La Stratégie de projet : efficacité reconnue !

C’est ce que nous appelons la Stratégie de Projet ! Une stratégie différente qui permet, entre autres, d’augmenter ses points de marge en respectant ses objectifs, d’attaquer de nouveaux marchés ou d’ouvrir de nouvelles offres grâce à des performances stables dans lesquelles l’entreprise peut avoir confiance. D’ailleurs, un article de l’Usine Nouvelle sur les défis d’Henri Poupart-Lafarge, patron d’Alstom, illustre parfaitement la nécessité de cette stratégie : « Une meilleure préparation et une plus grande sélectivité des appels d’offres ainsi qu’une exécution mieux maîtrisée seront essentielles à Henri-Poupart Lafarge pour pousser sa marge dans le haut  de la fourchette (5 à 7%) qu’il s’est fixée »*.
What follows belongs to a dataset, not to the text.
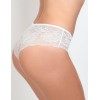 Кружевные трусы бразилиана Orhideja 299-437 молоко, Цвет: молоко, Размеры: 3XL, изображение 2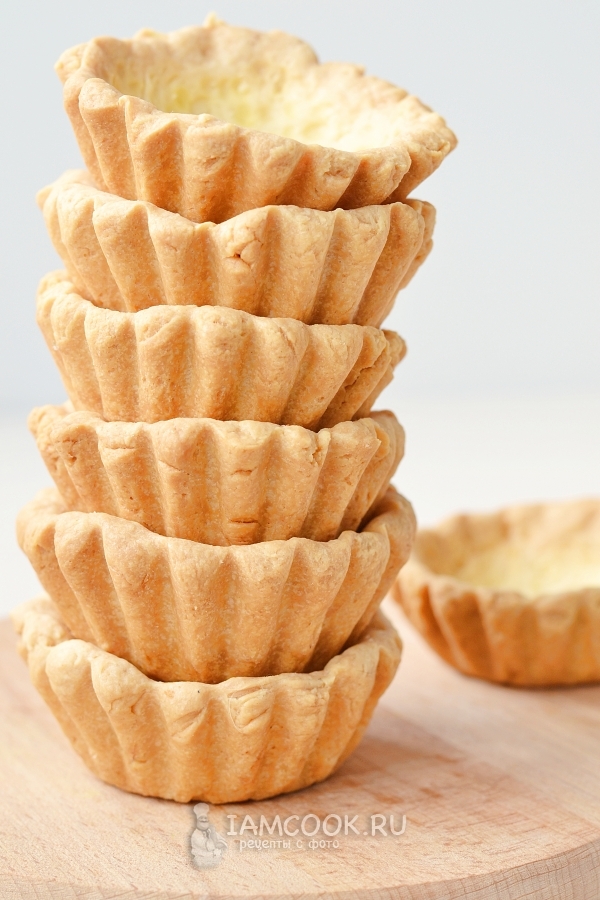 Рецепт домашних тарталеток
Cette stratégie répond aussi parfaitement à la définition d’Olivier Meier car :

  • Elle impacte le business model de l’entreprise, via une meilleure appréhension et exécution des offres et projets, impliquant directement les Ressources Humaines, les procédures et la culture collective
  • Elle nécessite des ressources et des investissements pour l’implémentation

Il est d’ailleurs remarquable de constater que les entreprises dont le Top management intègre la performance des projets à leur stratégie générale ont de meilleurs résultats que les entreprises similaires ne la prenant pas en compte.

Alors le passage d’un projet de stratégie à une stratégie de projet est une affaire de courage, de prise de conscience, de volonté et de bons interlocuteurs.